Modern-day Riverside had its beginnings as Readmon when it was founded in 1882, but was later incorporated as Riverside in 1886. For years, it was the county’s industrial hub, a hotbed for logging, sawmills, milling and egg production. Barge traffic was common on the Coosa, moving commerce up and down the river.

A ferry – known as the Coleman Ferry – also provided a key transportation link, helping people cross the river in the horse-and-buggy era. It remained in operation until the John Bankhead Bridge opened in 1937.

Bankhead, a U.S. senator, was the patriarch of one of Alabama’s great political dynasties. His son, William Bankhead, served as speaker of the U.S. House of Representatives and his son, Walter Will Bankhead, also served in Congress. John Bankhead’s granddaughter, Tallulah, made her mark on stage and screen.

“At that time, (Riverside) was a pretty unique crossroads because it had one of the very few ways to cross the Coosa River right here, so there was a lot of activity,” Jessup said.

But Riverside’s history, inextricably tied to the Coosa, runs deeper than the 135 years of incorporation, or so goes archaeological speculation, Jessup said.

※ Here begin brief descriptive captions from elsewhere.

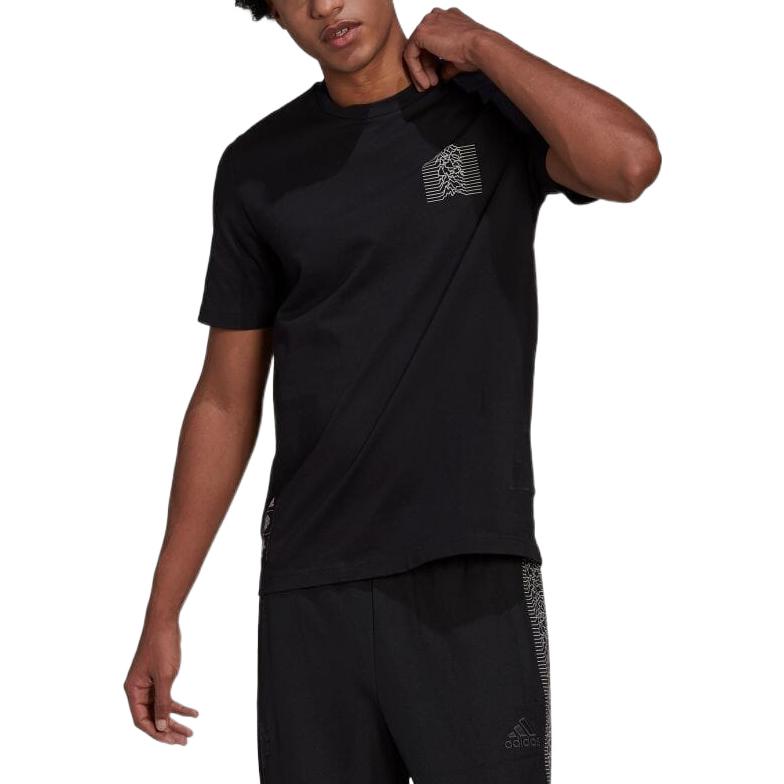 Adidas Soccer Jerseys Unisex Black Moderate Straight Fit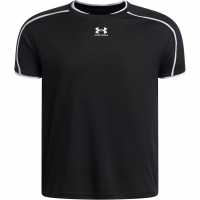 Under Armour UA Chal TrainT  Jn62 Black/White 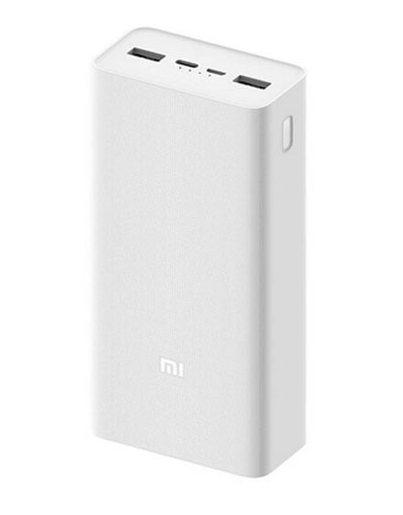 Xiaomi Youpin Mi Power Bank 3 30000MAh Quick Charge Version - фото 1 - id-p136341952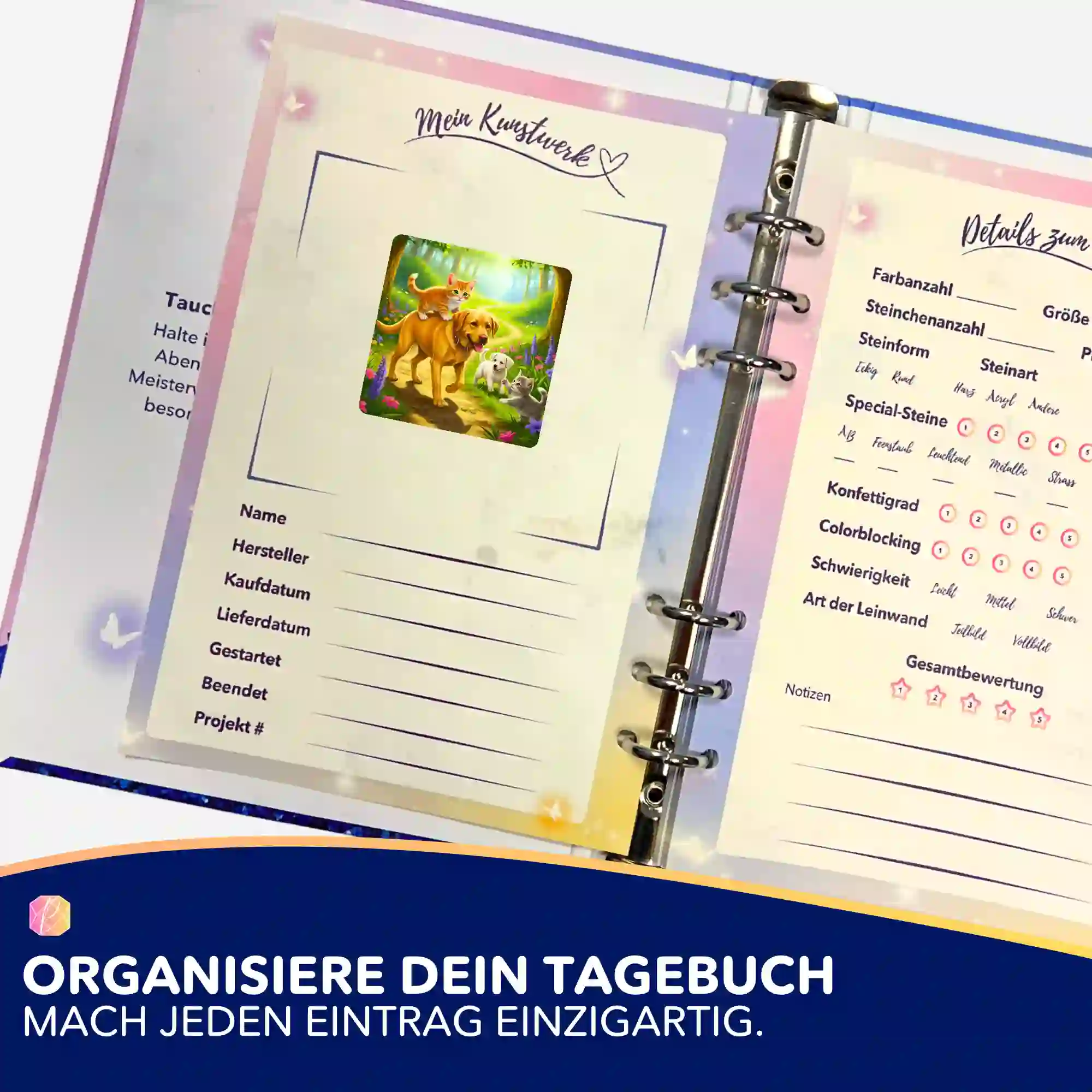 Aufkleber 5er-Set - Waldspaziergang "Limited Edition" - Image 3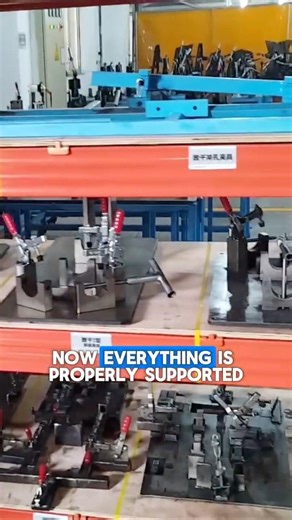 This Welding Area Needed a Storage Upgrade #beforeandafter #welding #shorts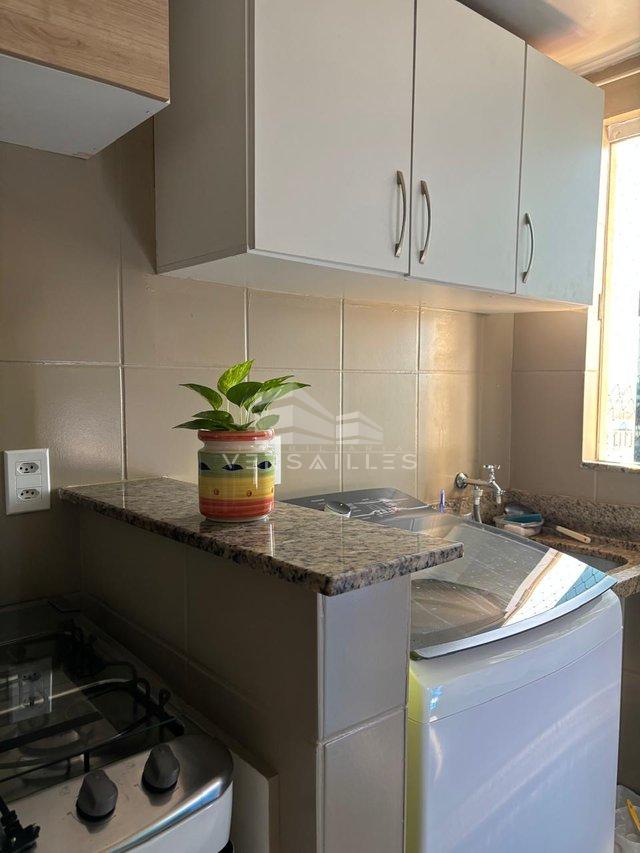 Apartamento semi mobiliado Rua Pio XII Porto Velho - 
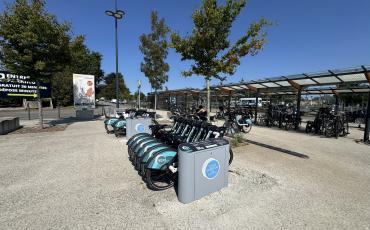 vélo électrique libre service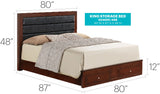 Elegant Storage Bed For Cozy Spaces - Furniture Home Direct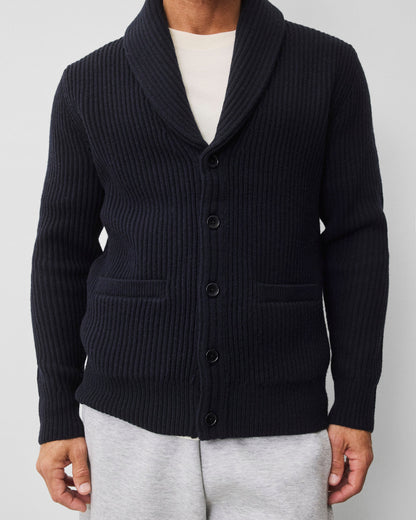 Merino Kenny Shawl Cardigan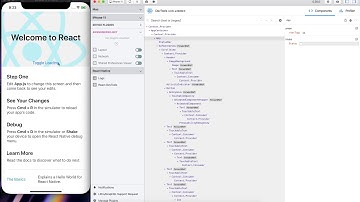 Flipper with React DevTools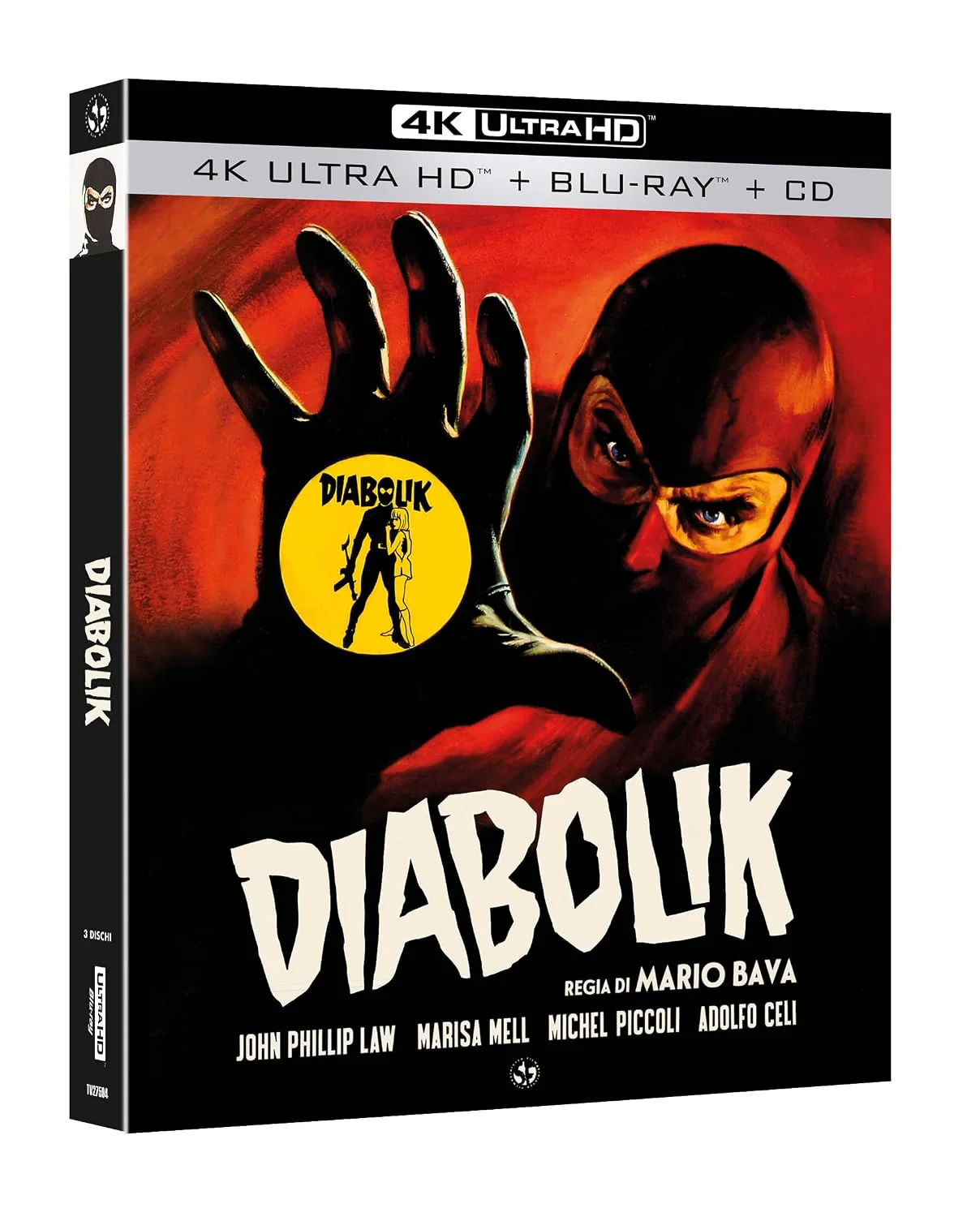 Diabolik (Special Edition) (4K Uhd + Blu-Ray + Cd) - Image 2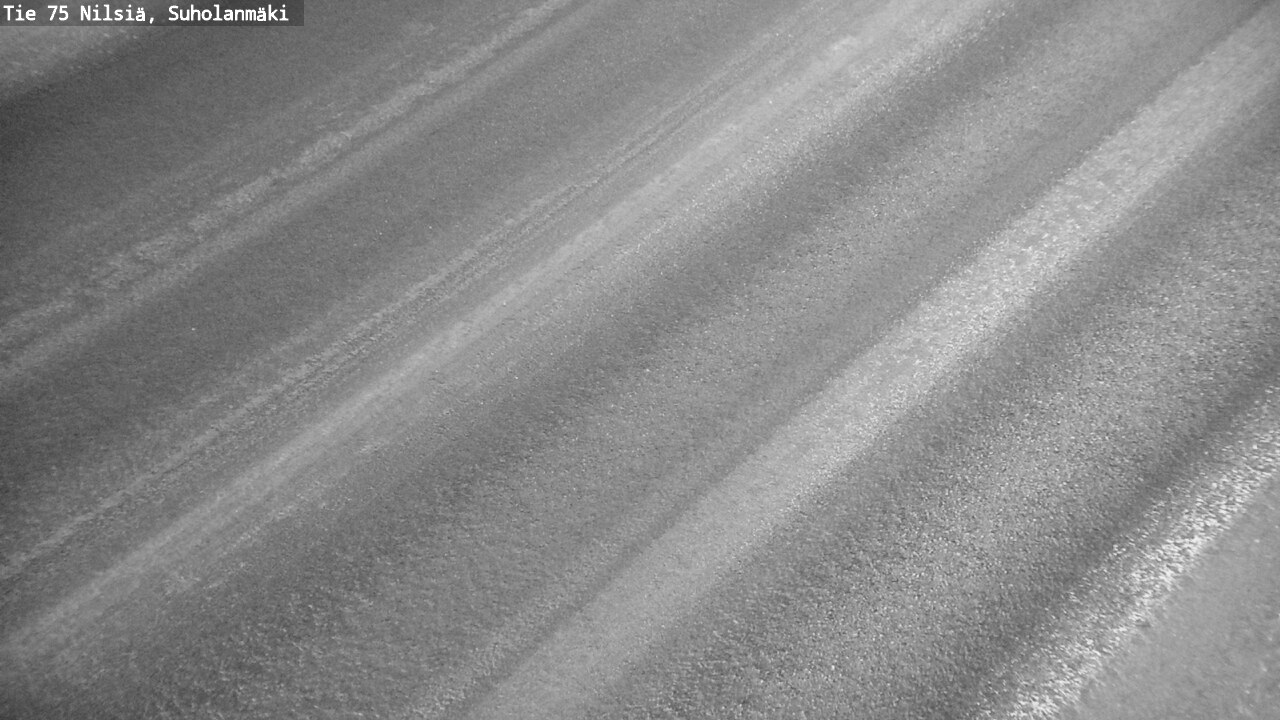 Weather Camera Image Road 75 Nilsiä, Suholanmäki, Kuopio, Pohjois-Savo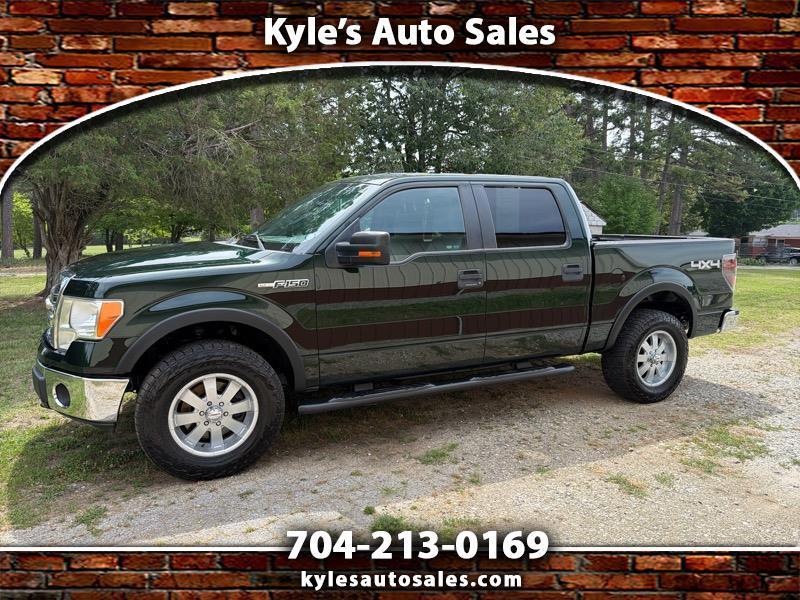 Ford F-150 XLT SuperCrew 5.5-ft. Bed 4WD 2014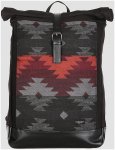Iriedaily Santania Rolltop Backpack anthra red Gr. Uni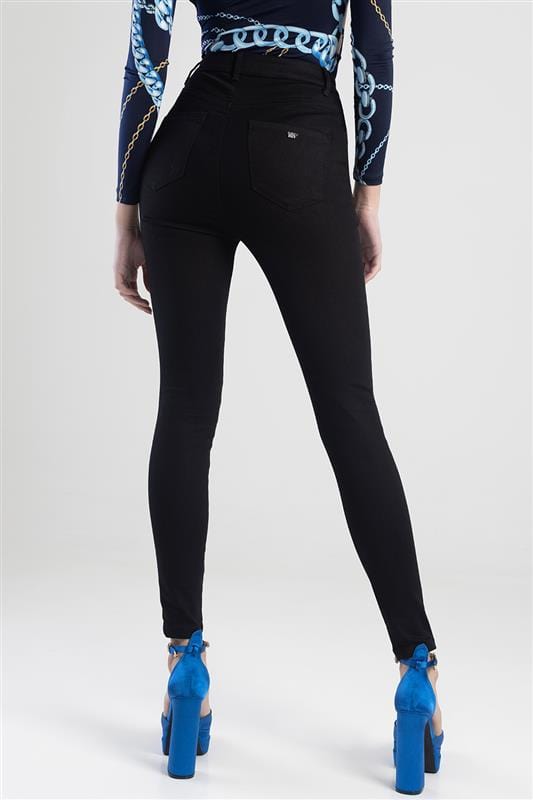 Sissy Boy Ladies Jeans Sissy Boy Kimmy High Waist Jeans Black (7809633189977)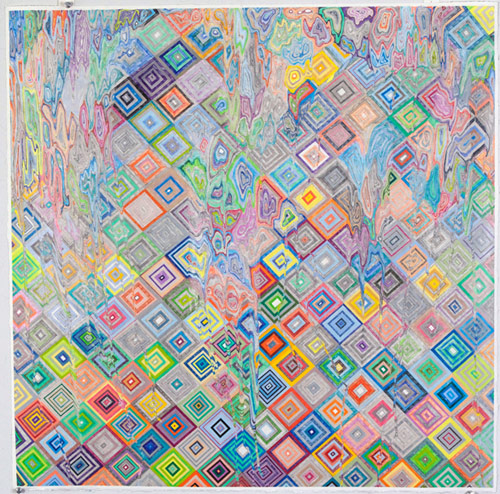 Drawings by artist Daniel Ingroff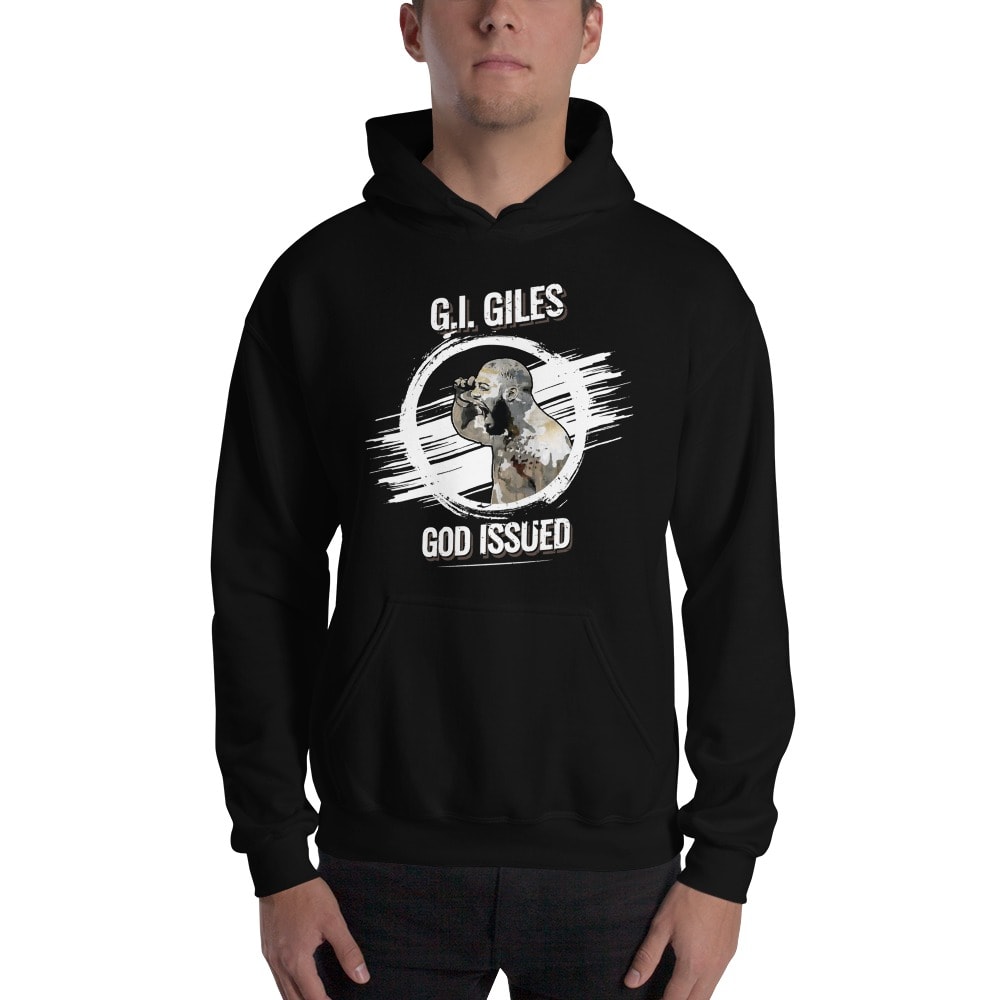 "G.I. Giles" by Trevin Giles, Men's Hoodie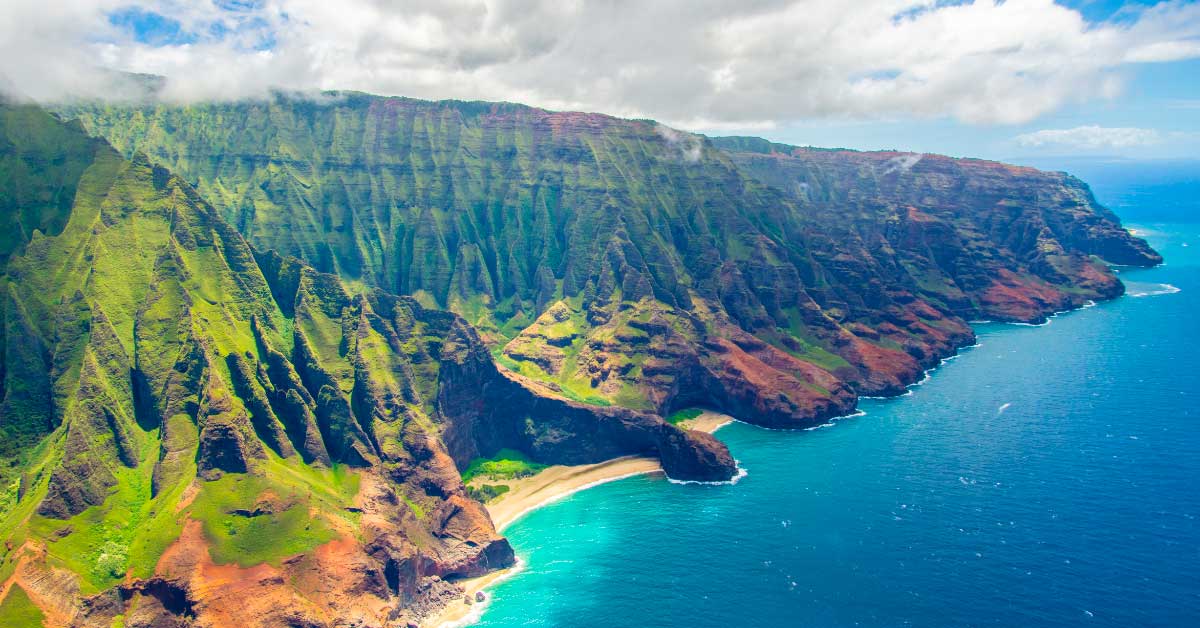 Mejor destino para viajar en febrero a América: Hawái<br />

From 500 to 1100 A.D., the northern part of what is now Riverside was home to one of the largest native settlements, perhaps among the largest in the Southeast, Jessup said. Now the town and its environs are a popular hunting ground for Indian artifacts,

“There are citizens here in Riverside who have museum-quality Indian artifacts in their homes,” Jessup said. “Spearheads, arrowheads, tomahawk heads and pottery, it’s very interesting.”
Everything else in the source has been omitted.